For Landcover GAP, type “20” in the % text box and set Aquatic Veg, Developed, Open Water, and Polar/Montane to 0 and set the other parameters to 9. This will remove lakes, residential development, and other unsuitable land uses from the analysis.
For Native American Lands, type “5” in the % text box. Click the > symbol next to Native American Lands and set Native American lands to 0 and Non-Native American lands to 8.
For Slope, type “25” in the % text box. This assigns a value of 25 percent for the weight of Slope in the weighted overlay analysis. Click the > symbol next to Slope. Set the Slope value for Low (3–8) as 8 and all others to 1. This will map all values of 0–2, and 9–82 to a suitability value of 1. Values of 3–8 will be reclassified to a value of 8.

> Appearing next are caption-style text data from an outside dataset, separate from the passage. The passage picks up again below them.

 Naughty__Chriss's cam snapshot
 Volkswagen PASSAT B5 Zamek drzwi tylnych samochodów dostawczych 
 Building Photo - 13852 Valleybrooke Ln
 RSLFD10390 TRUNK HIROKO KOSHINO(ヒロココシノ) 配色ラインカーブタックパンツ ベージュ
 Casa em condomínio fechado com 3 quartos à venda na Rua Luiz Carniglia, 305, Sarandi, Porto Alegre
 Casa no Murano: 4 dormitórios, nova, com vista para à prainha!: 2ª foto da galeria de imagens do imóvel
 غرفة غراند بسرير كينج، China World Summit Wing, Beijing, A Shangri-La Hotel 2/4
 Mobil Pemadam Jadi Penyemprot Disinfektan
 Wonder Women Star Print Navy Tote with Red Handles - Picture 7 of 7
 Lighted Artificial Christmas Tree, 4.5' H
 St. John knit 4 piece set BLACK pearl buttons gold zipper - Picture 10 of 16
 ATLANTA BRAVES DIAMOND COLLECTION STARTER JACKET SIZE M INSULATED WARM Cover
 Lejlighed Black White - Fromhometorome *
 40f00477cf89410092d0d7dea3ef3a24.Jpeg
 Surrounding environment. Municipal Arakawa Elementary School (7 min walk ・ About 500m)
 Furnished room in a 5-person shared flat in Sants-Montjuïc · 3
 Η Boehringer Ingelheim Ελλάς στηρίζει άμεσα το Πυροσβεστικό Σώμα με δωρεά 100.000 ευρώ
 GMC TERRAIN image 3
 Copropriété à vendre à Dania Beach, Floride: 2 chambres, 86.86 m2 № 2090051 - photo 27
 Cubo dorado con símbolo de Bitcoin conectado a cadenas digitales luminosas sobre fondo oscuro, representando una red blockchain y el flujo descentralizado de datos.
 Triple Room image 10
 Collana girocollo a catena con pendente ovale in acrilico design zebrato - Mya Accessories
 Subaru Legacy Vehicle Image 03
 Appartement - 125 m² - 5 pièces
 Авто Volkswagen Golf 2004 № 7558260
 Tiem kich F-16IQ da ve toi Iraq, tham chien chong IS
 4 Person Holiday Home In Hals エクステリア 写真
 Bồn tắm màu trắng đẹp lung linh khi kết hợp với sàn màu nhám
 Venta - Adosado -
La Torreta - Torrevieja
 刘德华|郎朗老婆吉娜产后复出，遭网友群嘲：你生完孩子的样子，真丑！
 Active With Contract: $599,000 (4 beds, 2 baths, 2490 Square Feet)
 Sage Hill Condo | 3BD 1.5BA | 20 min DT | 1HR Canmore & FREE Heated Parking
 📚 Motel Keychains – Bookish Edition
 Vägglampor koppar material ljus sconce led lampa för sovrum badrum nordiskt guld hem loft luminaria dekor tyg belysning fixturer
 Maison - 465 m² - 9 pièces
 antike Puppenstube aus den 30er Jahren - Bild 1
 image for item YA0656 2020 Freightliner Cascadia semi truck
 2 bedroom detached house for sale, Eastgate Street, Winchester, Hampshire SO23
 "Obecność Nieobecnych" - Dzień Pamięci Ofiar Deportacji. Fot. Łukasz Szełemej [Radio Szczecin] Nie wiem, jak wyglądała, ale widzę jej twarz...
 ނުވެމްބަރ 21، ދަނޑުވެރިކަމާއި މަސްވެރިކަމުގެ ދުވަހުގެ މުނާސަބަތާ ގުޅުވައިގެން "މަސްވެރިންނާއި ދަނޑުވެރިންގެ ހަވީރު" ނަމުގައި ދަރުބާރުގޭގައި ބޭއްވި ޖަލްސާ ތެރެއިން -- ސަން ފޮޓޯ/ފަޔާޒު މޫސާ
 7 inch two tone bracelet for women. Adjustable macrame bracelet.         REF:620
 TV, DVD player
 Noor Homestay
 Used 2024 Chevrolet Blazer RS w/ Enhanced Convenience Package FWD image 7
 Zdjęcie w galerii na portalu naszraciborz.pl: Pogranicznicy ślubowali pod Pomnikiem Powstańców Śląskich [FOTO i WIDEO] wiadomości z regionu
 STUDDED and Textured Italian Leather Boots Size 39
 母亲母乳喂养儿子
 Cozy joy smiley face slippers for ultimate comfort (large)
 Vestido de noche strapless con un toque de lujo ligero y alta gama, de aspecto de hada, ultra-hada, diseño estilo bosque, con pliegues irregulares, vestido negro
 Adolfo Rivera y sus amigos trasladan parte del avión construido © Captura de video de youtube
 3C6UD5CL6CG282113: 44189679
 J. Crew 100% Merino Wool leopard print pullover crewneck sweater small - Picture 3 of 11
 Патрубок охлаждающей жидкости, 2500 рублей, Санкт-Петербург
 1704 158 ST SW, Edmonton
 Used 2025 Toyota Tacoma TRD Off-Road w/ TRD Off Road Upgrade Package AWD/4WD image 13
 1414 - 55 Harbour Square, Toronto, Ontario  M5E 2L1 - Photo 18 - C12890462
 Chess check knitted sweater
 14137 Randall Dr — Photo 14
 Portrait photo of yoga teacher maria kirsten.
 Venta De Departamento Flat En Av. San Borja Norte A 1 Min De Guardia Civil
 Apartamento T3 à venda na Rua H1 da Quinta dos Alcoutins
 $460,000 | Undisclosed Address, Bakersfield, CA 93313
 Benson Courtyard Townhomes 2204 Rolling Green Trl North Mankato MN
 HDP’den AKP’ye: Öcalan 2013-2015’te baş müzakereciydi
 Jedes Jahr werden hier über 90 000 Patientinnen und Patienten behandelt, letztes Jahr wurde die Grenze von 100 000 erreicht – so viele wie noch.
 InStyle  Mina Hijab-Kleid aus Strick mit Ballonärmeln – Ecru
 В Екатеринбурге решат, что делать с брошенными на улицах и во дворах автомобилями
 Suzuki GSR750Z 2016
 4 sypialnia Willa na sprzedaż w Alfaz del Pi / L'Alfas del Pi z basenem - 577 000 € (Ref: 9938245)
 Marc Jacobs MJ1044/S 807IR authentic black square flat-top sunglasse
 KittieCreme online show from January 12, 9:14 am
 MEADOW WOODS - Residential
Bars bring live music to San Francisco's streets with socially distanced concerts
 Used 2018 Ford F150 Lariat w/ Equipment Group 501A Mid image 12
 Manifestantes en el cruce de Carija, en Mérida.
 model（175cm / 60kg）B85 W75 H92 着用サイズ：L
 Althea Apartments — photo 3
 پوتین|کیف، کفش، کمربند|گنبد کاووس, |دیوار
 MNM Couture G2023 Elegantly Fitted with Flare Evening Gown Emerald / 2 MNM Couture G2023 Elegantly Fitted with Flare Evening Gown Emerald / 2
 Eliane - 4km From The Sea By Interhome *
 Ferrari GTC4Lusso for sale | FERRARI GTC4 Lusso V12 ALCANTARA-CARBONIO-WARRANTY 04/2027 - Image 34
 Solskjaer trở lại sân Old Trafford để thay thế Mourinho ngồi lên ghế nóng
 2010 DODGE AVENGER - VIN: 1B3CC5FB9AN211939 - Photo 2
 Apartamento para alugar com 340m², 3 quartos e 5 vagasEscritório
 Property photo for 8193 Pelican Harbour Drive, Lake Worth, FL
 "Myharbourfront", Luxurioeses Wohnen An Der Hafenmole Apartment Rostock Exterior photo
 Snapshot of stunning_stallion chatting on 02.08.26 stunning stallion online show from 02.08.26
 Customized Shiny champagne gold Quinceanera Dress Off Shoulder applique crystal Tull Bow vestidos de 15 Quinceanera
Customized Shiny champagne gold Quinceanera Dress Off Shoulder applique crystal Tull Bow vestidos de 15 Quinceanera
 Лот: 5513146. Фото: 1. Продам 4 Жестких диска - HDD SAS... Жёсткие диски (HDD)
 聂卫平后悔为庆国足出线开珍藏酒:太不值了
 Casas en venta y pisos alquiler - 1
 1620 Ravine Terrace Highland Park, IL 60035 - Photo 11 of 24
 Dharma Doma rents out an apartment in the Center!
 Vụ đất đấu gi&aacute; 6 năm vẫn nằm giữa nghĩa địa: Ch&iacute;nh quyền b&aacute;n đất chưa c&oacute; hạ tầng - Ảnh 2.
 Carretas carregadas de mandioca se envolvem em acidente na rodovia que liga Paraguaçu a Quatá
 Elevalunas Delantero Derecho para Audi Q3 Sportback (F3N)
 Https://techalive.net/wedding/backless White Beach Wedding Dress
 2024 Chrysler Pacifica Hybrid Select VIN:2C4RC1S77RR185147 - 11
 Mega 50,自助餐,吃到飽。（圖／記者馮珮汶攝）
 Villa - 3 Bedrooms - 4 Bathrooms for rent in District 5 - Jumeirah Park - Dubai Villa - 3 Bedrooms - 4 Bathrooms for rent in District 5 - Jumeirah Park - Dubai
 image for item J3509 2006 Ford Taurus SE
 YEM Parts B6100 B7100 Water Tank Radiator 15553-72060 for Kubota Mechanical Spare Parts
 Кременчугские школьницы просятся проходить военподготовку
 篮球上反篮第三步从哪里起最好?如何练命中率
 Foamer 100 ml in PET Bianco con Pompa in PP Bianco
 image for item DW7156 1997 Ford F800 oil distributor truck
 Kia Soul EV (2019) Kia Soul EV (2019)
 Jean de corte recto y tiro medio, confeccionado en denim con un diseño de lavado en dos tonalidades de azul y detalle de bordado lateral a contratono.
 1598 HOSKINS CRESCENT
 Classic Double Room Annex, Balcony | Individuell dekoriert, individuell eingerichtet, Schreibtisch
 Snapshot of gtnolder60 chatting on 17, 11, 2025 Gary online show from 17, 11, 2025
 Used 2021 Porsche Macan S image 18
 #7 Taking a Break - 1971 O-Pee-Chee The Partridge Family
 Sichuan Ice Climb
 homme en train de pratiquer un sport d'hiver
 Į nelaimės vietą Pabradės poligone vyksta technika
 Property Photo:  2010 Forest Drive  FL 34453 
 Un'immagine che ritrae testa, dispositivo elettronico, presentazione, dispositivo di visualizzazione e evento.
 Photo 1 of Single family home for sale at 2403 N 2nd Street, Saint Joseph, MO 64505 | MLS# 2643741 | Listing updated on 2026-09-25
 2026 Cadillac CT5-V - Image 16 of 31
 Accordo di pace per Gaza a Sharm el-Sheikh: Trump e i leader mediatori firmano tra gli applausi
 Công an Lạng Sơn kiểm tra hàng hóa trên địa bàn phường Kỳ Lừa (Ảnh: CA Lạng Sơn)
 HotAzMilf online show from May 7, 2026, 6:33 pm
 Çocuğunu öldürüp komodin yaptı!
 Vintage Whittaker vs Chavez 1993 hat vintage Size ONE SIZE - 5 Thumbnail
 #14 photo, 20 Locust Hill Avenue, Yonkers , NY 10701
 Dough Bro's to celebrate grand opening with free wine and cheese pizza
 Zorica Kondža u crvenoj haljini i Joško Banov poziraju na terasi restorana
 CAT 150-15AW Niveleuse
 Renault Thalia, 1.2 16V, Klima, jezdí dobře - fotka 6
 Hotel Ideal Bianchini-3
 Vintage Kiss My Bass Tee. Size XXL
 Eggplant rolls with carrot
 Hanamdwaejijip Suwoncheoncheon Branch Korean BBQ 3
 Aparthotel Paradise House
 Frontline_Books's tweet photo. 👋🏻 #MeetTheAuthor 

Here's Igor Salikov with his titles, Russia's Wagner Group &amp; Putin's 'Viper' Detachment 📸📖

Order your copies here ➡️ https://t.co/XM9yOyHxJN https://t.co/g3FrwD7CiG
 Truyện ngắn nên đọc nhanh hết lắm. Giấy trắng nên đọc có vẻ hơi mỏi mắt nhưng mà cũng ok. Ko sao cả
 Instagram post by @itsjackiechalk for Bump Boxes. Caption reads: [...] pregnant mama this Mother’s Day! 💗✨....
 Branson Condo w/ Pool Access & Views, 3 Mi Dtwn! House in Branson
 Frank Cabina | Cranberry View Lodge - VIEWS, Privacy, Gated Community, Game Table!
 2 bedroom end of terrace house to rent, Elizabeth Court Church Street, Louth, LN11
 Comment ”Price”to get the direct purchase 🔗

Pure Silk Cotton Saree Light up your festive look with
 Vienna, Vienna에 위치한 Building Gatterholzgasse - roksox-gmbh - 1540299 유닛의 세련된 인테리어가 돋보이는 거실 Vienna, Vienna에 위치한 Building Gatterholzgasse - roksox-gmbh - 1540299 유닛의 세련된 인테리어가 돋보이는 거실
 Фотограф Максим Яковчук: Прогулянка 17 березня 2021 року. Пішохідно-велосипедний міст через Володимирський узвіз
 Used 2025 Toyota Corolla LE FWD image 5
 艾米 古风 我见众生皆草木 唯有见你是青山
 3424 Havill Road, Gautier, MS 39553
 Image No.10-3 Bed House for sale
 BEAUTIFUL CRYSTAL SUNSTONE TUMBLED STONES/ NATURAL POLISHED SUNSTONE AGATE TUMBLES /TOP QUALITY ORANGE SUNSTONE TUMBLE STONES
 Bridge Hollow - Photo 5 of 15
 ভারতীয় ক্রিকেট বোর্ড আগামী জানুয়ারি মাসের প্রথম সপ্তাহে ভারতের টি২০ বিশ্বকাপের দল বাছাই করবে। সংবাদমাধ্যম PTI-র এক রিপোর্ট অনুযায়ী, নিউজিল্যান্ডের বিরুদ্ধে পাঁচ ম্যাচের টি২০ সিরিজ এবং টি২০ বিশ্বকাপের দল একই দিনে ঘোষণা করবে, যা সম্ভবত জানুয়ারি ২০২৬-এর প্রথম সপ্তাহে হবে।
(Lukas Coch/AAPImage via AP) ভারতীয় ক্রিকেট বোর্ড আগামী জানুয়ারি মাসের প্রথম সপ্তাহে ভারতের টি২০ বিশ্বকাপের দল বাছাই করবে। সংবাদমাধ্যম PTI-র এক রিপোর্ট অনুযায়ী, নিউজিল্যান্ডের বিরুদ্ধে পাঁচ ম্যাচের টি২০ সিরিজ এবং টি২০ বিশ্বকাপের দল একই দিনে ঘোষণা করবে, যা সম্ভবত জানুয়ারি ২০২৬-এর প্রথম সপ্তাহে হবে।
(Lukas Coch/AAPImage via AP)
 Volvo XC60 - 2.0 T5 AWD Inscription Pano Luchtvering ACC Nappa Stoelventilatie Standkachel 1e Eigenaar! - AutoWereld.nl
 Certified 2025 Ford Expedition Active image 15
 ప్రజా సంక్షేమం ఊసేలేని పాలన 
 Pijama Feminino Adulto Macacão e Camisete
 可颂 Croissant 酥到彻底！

Click the Run Model button. In the Save Model dialog box, name the model Spero Vineyards Potential Sites and click Save.
Looking at the Results
When you click Save, the information you just entered is submitted to ArcGIS Online. The suitability values are computed for overlaying raster cells and written to a new output image layer. This layer is added to the GeoPlanner project as a suitability map. On this suitability map, you’ll see a few areas of red, more areas of orange, and areas with several shades of green. Dark green cells denote the areas most suitable for wine production based on the input criteria. Areas without shading were those excluded from the analysis. Based on this analysis, the area southeast of Lake Skinner looks like a promising area for Spero to expand its operations.
Using GeoPlanner
GeoPlanner was originally designed as a planning tool that incorporates many geodesign concepts and includes online data, spatial analysis tools, GeoEnrichment services, raster geospatial landscape variables, and sketching tools. This tutorial showed how it can be used for agriculture, but it can also be applied to problems in utilities (route planning and facilities siting), the oil and gas industry, emergency response planning, and other uses that require GIS information integration and evaluation. GeoPlanner is a touch-enabled web application that runs on desktop and tablet browsers without the need for additional software or plug-ins.